Montag, 20. Oktober, 10 Uhr. Maija Mäkinen (Name geändert) kommt nach einem Wochenende bei ihrem Freund zurück in die Hubertusstraße in Neukeferloh. Vor dem Haus, in dem sie ein 25 Quadratmeter großes Apartment bewohnt, steht ein blauer Möbelwagen. Die Tür ihrer Wohnung ist offen, die Vermieterin und drei Helfer tragen ihr komplettes Hab und Gut hinaus. Die junge Frau ist entsetzt, will telefonieren, doch auch das Telefon ist weg. Von einem Nachbarn aus verständigt sie die Polizei und ihren Partner, der ihre Anwältin in München informiert. Als Maija Mäkinen danach zu ihrer Wohnung kommt, ist die Tür zu, das Schloss ausgewechselt.
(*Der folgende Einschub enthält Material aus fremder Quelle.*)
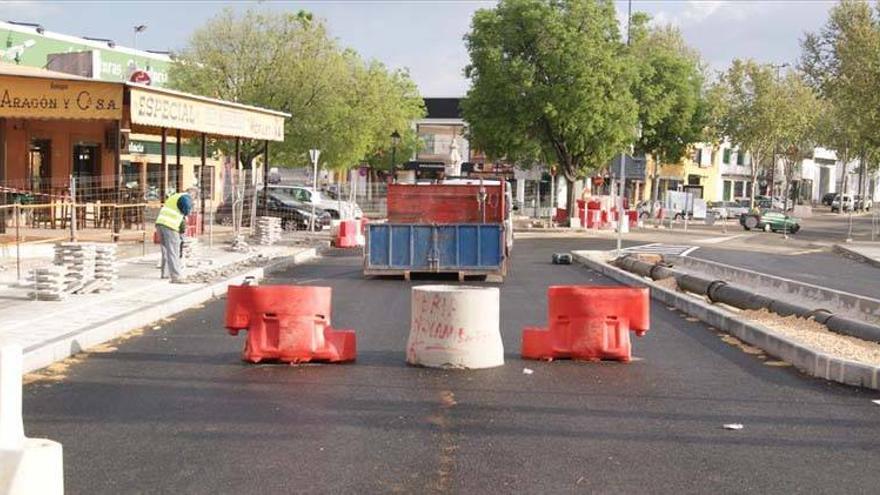 Asfaltan el entorno del puente de Cabra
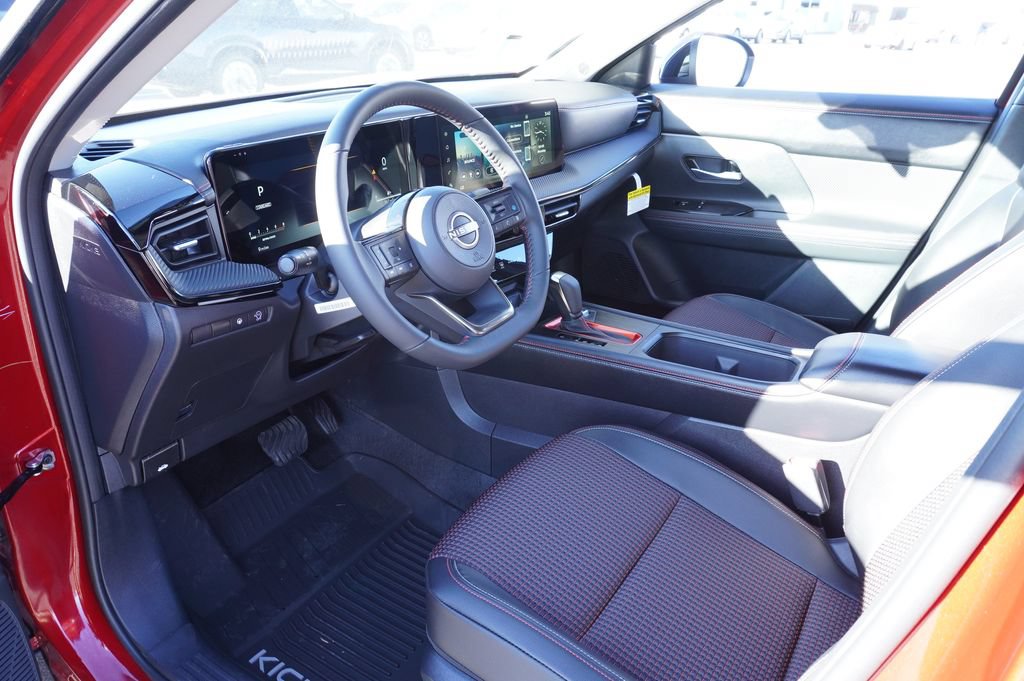 Used 2025 Nissan Kicks SR FWD image 16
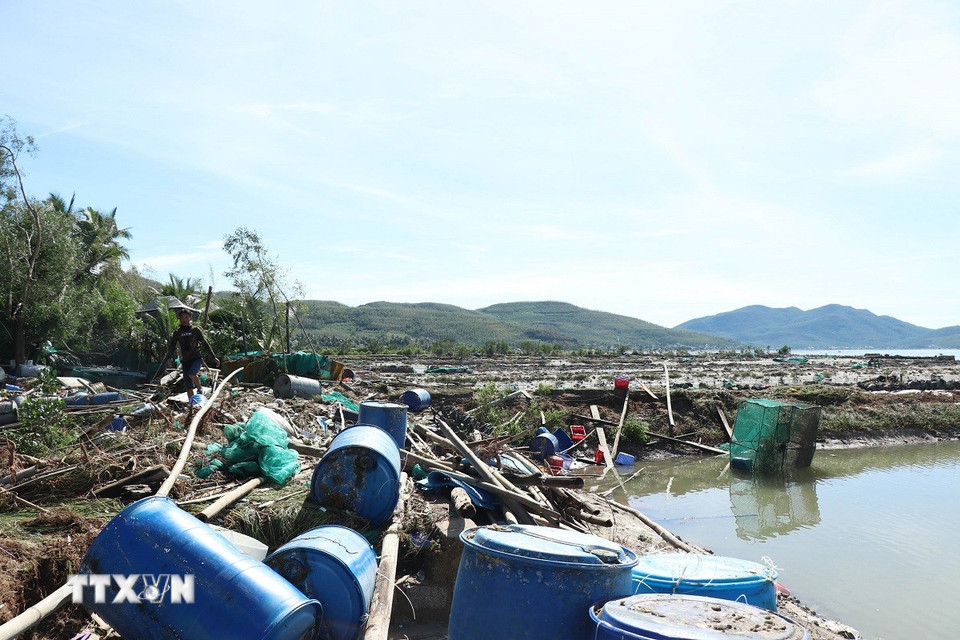 Lồng bè và ô nuôi trồng thủy sản của người dân phường Sông Cầu bị sóng, gió đánh lên bờ gây thiệt hại lớn về kinh tế. (Ảnh: Tuấn Anh/TTXVN)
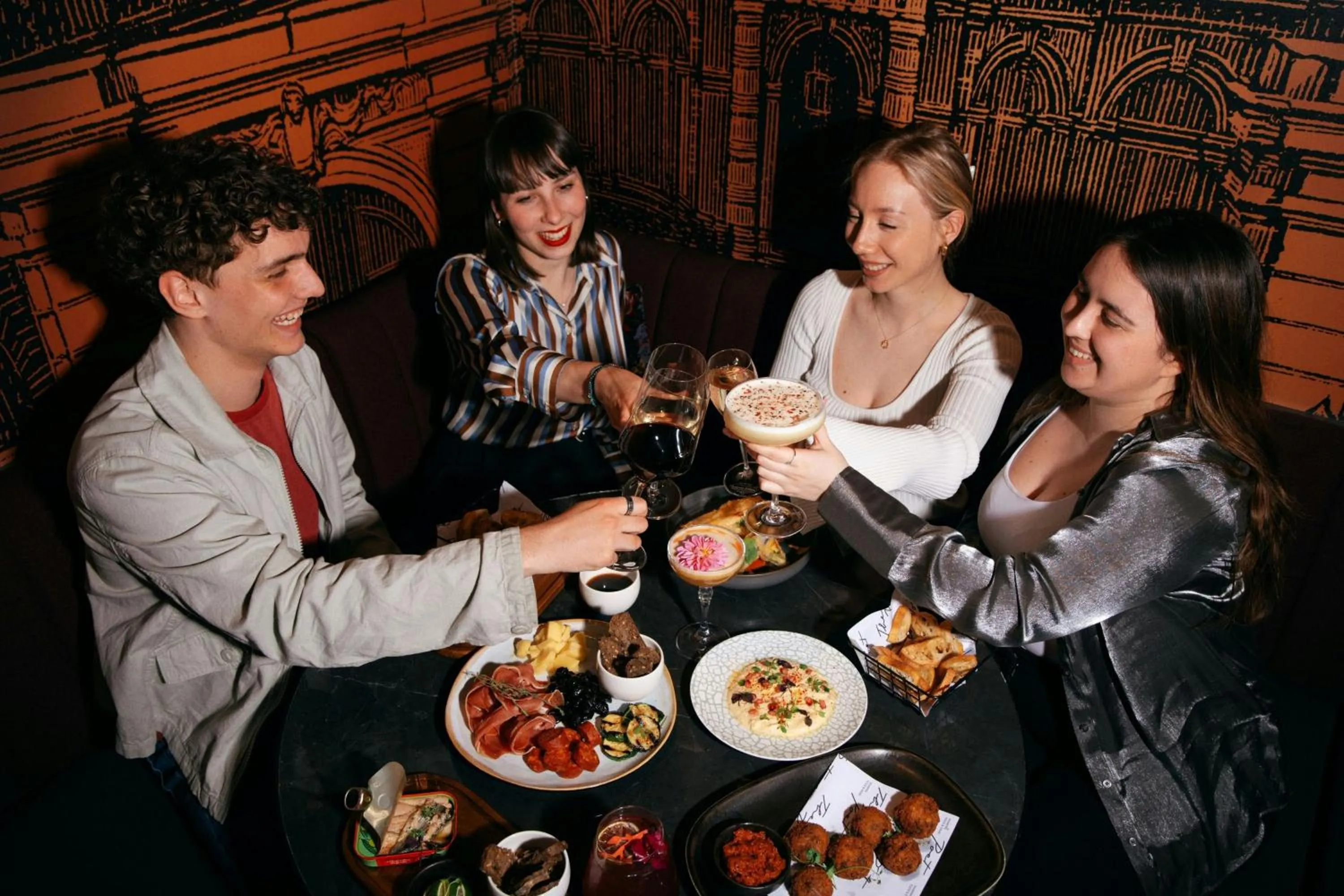 Lounge or bar in Renaissance Brussels Hotel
Die Frau hat nur noch, was sie auf dem Leib trägt. Möbel, Kleidung, persönliche Unterlagen - alles weg.

An Ihrer Tür klebt ein Zettel: "Bitte beachten Sie einen Hinweis in Ihrem Briefkasten." Dort ein weiterer Zettel der Vermieterin Anna Fuchs (Name geändert): "Da Sie auf die Kündigung nicht reagiert haben, wurde die Wohnung geräumt."

Die Vorgeschichte

Kurz nach dem Einzug der Finnin im März 2002 bilden sich Schimmelflecken an der Wand, später schimmelt es unterm Sofa und hinterm Regal. Die Mieterin reklamiert mehrmals, die Vermieterin schiebt es auf mangelndes Lüften. Als dann noch Wasser von oben in das Apartment läuft, dieses wochenlang unbewohnbar ist und nach der Renovierung wieder Flecken auftreten, beauftragt die Mieterin auf eigene Kosten einen Sachverständigen.

Sein Fazit: Das Mauerwerk ist feucht, die Mieterin nicht schuld. Daraufhin kürzt Frau Mäkinen fünf Monate lang die Miete, erst um 30, dann um 20 Prozent. Die Eigentümerin kündigt Schadenersatzklage gegen den Gutachter an, saniert aber trotzdem die Außenfassade. Doch die Flecken bleiben. Am 6. Oktober kündigt Frau Fuchs der Mieterin fristlos wegen Mietrückstandes. Sie gibt ihr zwölf Tage Zeit zum Auszug. Zwei Tage nach Ablauf der Frist fährt der blaue Möbelwagen vor.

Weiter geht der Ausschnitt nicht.